- _Listed records_:
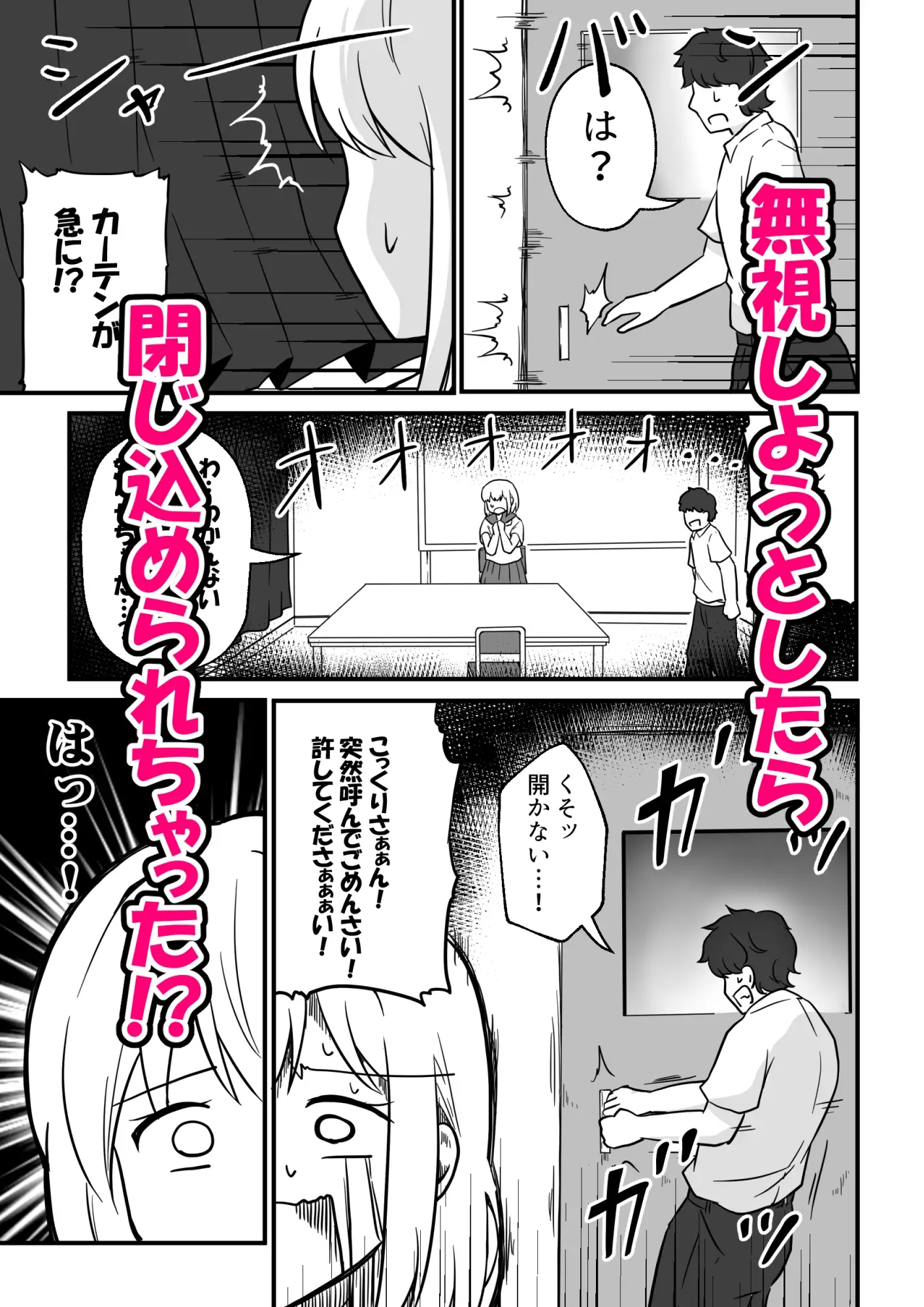 【繁体中文版】こっくりさんを呼んだらセックスしないと出られない部屋になった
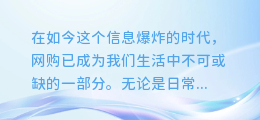淘宝图文一键提取神器,轻松获取心仪商品高清大图!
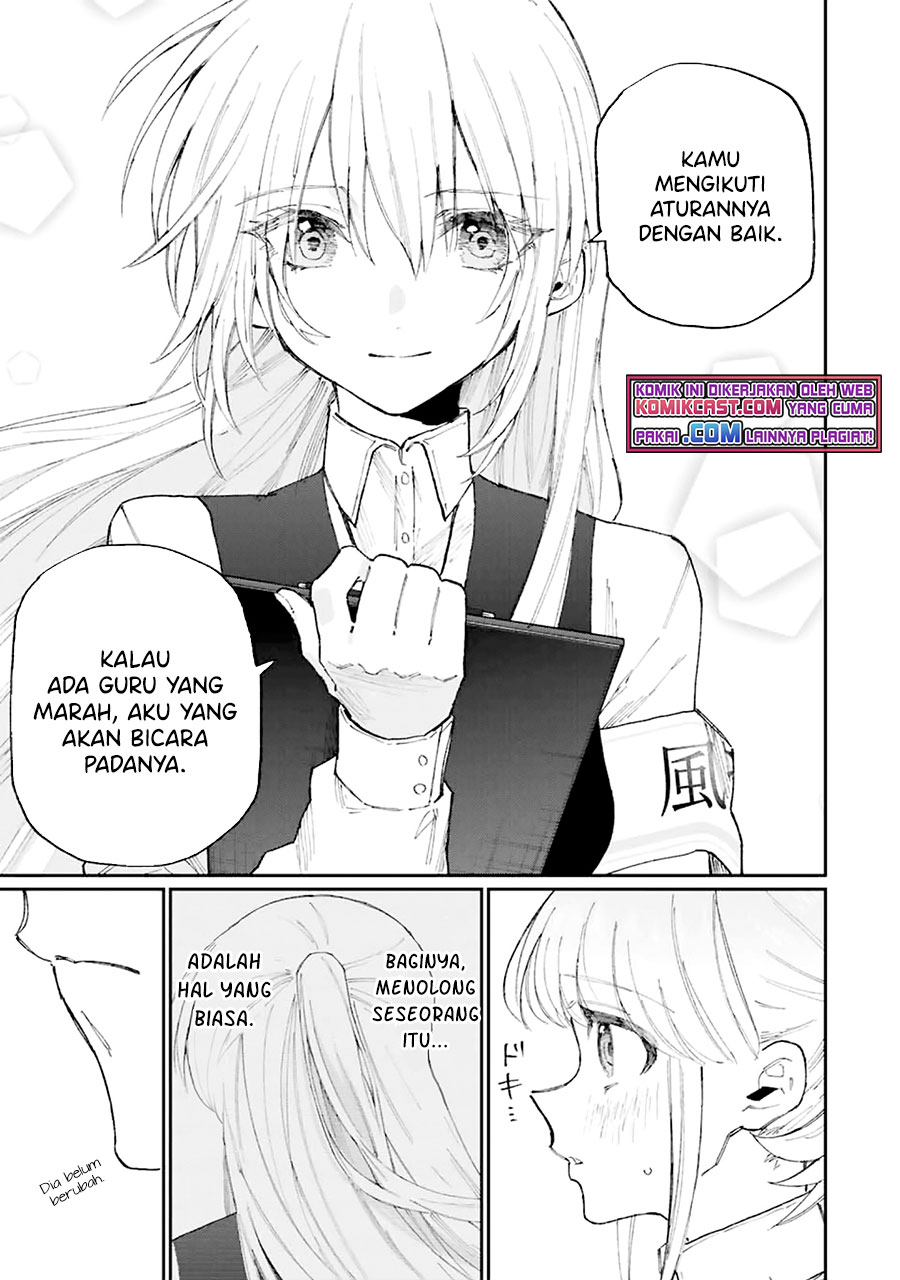 That Girl Is Not Just Cute (Shikimori’s Not Just a Cutie) chapter 132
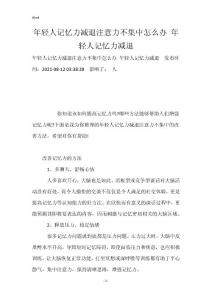 年轻人记忆力减退注意力不集中怎么办 年轻人记忆力减退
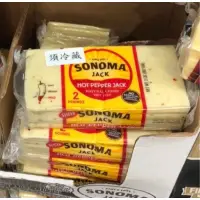 在飛比找蝦皮購物優惠-SONOMA 辣椒傑克乾酪907公克（低溫宅配）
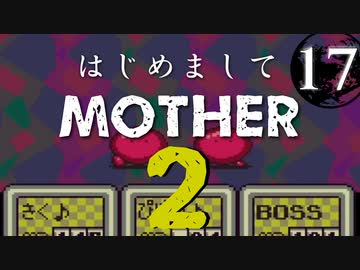はじめましてMOTHER2【＃17】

- _Task_:
Omit every picture, and otherwise quote the entries exactly.

- _Expected answer_:
 【繁体中文版】こっくりさんを呼んだらセックスしないと出られない部屋になった
淘宝图文一键提取神器,轻松获取心仪商品高清大图!
 That Girl Is Not Just Cute (Shikimori’s Not Just a Cutie) chapter 132
 年轻人记忆力减退注意力不集中怎么办 年轻人记忆力减退
 在飛比找蝦皮購物優惠-SONOMA 辣椒傑克乾酪907公克（低溫宅配）
はじめましてMOTHER2【＃17】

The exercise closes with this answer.